== Problem description ==
Should a picture appear anywhere in the data, omit it and copy everything else exactly.

== Supplied data ==
____

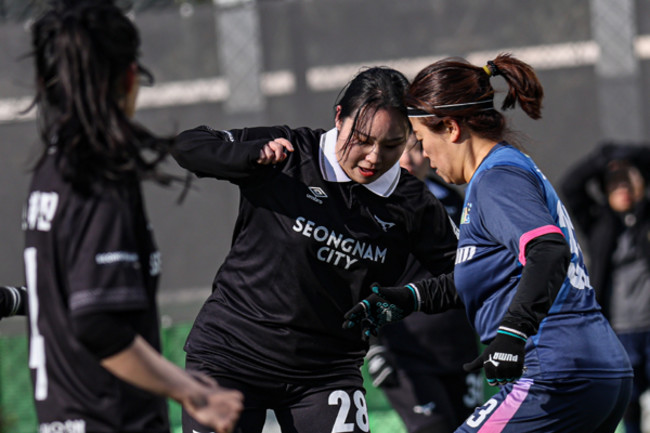 뜨거운 위민스 컵 속 축구학개론 그녀들이 느끼는 책임감, 성남FC 유니폼 입었으니까!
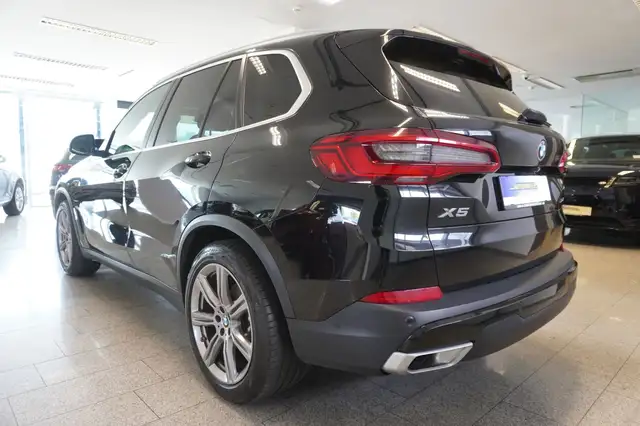 BMW X5 view 4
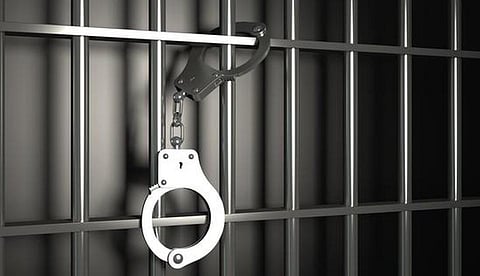 ஊத்துக்கோட்டை- பட்டா பெயர் மாற்றம் செய்ய லஞ்சம்; போலி வருவாய்த் துறை ஊழியர் கைது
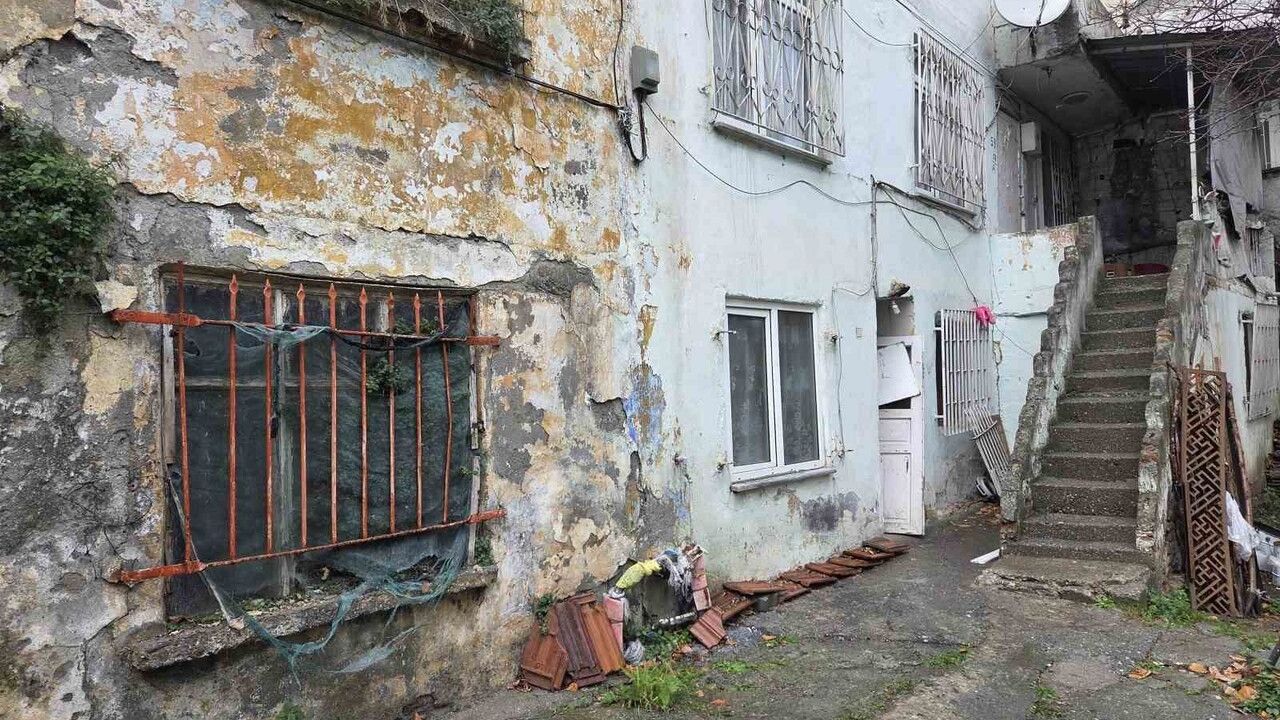 Samsun'da Çöp Eve Dönüşen Ev: 59 Yaşındaki Kaya Saygan Kışı Tehlikede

____

== Exercise response ==
 뜨거운 위민스 컵 속 축구학개론 그녀들이 느끼는 책임감, 성남FC 유니폼 입었으니까!
 BMW X5 view 4
 ஊத்துக்கோட்டை- பட்டா பெயர் மாற்றம் செய்ய லஞ்சம்; போலி வருவாய்த் துறை ஊழியர் கைது
 Samsun'da Çöp Eve Dönüşen Ev: 59 Yaşındaki Kaya Saygan Kışı Tehlikede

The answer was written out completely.